A federal lawsuit filed on behalf of some Lawrence and Sumter county public school students challenges the state's property tax system, contending property-tax revenues do not sufficiently fund K-12 schools and that disproportionately hurts black students.

Jim Blacksher, a plaintiffs' attorney, said Monday the suit, if successful, would force Alabama to confront tax reform, not just in property taxes, but across the board. It seeks class-action status.

The suit, filed Friday in northern Alabama's federal court, contends the way schools are funded, rooted in racially discriminatory property tax restrictions in the state's 1901 constitution, forces local governments to raise school revenues primarily through regressive sales taxes.

Essentially, the plaintiffs are asking a federal court to force Alabama to restructure its tax code in a manner that would violate its own state constitution. There are some big problems with that.

Determining the level of taxation is an inherently political decision that is rightfully vested in the legislative branch of government - that branch which represents the people and which is responsible for making public policy. This is a function that the judiciary is neither authorized nor competent to perform. Our nation's founders were so committed to this principle of "no taxation without representation" that they fought a war over it.

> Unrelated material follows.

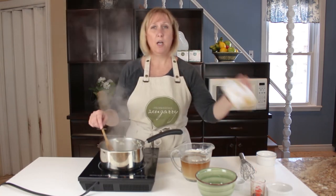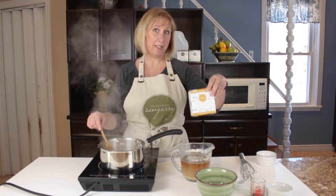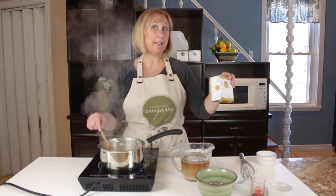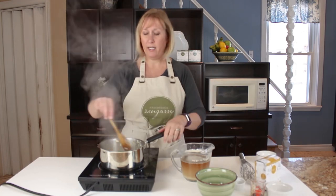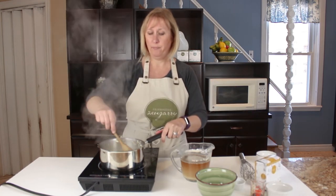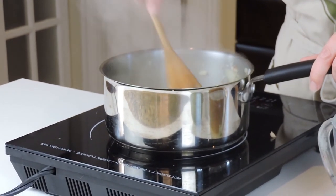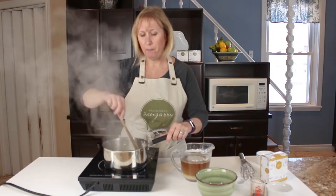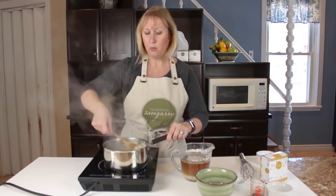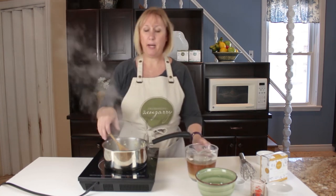One thing you want to make sure you're doing while your poutine is cooking is have your cashew cheese ready. We're going to use our Zengary cashew cheese wheel — the creamy swiss flavor. I've got that freezing right now in the freezer so it'll be nice and hard and I'll be able to grate it later on onto our poutine. I like my mushroom gravy chunky, so I've chopped my mushrooms into little chunks. If you wanted to make this gravy really smooth, you could blend it when you're done preparing it.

Furthermore, the idea that the federal judiciary has the authority to do what the plaintiffs are asking it to do is a direct affront to federalism. Alabama's tax code may not be fair. It may even need a complete overhaul. Still, these are political questions that should be addressed by the people of Alabama and their elected representatives.

The good news is that this lawsuit stands little chance of success, but it's a useful reminder of just how far some people are willing to go to force their fellow citizens to send more money to Montgomery. It also illustrates the importance of having a Governor and Attorney General who understand that - in this case at least - the defense of state taxpayers coincides nicely with the defense of constitutional principle. I think it's safe to say that we are much better off having Riley and King in those two offices today than their respective opponents in the 2006 election: Democrats Baxley and Tyson.